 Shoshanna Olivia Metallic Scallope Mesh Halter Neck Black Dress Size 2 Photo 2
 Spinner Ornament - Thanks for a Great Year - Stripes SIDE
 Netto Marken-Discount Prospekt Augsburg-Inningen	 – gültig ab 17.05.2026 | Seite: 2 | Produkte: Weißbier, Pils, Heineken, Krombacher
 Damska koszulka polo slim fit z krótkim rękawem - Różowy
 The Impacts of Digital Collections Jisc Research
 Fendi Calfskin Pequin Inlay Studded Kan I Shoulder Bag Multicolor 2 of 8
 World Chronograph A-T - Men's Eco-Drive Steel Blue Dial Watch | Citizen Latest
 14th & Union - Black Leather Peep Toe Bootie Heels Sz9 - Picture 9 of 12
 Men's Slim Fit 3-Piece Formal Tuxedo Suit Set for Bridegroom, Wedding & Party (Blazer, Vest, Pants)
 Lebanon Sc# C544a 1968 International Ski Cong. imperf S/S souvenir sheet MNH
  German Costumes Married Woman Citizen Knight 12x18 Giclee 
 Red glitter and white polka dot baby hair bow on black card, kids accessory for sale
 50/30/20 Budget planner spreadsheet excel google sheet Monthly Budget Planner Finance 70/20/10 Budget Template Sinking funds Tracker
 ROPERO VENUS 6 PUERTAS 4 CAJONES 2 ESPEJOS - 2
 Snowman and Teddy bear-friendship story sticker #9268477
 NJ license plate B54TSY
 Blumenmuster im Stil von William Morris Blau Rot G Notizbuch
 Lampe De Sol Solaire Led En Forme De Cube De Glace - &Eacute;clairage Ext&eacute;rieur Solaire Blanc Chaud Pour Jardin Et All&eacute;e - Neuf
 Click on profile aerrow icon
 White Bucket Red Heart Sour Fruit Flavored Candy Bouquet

# # # # #

WORK TASK:
From the listing above, return the lines starting at the one with "14th & Union" and ending at the one with "Red glitter and", both kept, exactly as they appear and nothing more.

WRITTEN SOLUTION:
 14th & Union - Black Leather Peep Toe Bootie Heels Sz9 - Picture 9 of 12
 Men's Slim Fit 3-Piece Formal Tuxedo Suit Set for Bridegroom, Wedding & Party (Blazer, Vest, Pants)
 Lebanon Sc# C544a 1968 International Ski Cong. imperf S/S souvenir sheet MNH
  German Costumes Married Woman Citizen Knight 12x18 Giclee 
 Red glitter and white polka dot baby hair bow on black card, kids accessory for sale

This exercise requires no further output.